Другая половина этих писем написана из Италии. Они сохраняют свойственный Винкельману резкий, непринужденный тон, но овеяны радостью итальянского неба, одушевлены восхищением от достигнутой цели.

Кроме того, они дают, по сравнению с другими, уже известными письмами этой же поры более полное представление о всей его тогдашней жизни.
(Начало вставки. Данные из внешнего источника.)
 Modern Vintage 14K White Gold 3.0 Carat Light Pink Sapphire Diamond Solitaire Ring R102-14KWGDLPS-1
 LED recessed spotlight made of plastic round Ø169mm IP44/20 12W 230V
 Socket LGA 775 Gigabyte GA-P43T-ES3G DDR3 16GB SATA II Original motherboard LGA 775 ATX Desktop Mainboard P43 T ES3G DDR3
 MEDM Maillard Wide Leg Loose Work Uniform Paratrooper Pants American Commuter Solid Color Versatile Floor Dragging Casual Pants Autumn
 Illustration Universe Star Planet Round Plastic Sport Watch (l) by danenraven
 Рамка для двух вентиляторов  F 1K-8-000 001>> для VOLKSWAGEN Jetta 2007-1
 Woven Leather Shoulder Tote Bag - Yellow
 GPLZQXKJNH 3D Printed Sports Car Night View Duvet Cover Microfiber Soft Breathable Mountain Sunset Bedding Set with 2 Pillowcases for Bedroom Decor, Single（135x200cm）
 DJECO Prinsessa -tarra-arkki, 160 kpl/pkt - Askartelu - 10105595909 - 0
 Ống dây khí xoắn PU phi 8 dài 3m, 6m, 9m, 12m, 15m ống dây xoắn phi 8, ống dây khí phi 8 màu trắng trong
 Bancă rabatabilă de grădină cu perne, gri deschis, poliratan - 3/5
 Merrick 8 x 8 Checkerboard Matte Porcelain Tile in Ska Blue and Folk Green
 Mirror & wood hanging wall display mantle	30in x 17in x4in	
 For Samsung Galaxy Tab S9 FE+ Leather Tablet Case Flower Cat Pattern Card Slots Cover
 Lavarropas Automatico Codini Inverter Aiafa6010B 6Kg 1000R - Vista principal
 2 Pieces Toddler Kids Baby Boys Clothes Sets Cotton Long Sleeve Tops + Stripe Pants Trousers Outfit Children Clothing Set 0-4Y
Судить об этом собрании, быть может, более важном для изучения человека, чем литературы, и почувствовать его мы предоставляем восприимчивым душам и проникновенным умам и только добавим несколько слов о человеке, которому они адресованы и о котором мы узнали следующее:

Иероним Дитрих Берендис родился в Зеехаузене в Альтмарке в 1720 году, изучал право в Галле и по окончании учения был несколько лет военным юристом в королевском прусском гусарском полку, обычно именовавшемся черным, по цвету мундиров, на самом же деле называвшемся Рюшским, по имени его тогдашнего командира фон Рюша. Покончив с этой суровой жизнью, он продолжал свое учение в Берлине. Во время своего пребывания в Зеехаузене он встретился с Винкельманом, с которым его связала тесная дружба и по рекомендации которого он получил место гофмейстера у младшего графа Бюнау. С последним он отправился в Брауншвейг, где его питомец посещал Carolinum. Так как граф вскоре поступил на французскую службу, его отец, бывший в то время министром в Веймаре, помог нашему Берендису зачислиться на выше помянутую нами княжескую службу, где он сначала занимает должность военного советника, затем коллежского советника и кастеляна вдовствующей герцогини. Он умер в 1783 году 26 октября в Веймаре.

ВСТУПЛЕНИЕ

Если природа не отказывает заурядному человеку в драгоценном даре, — под ним я подразумеваю живое стремление с детских лет радостно относиться к окружающему миру, познавать его, завязывать с ним отношения и в общении с ним составлять единое целое, — люди большого духа часто как бы робеют перед действительной жизнью и самоуглубляются для того, чтобы у себя в душе построить свой особый мир, и только таким образом создают наилучшее и для внешнего.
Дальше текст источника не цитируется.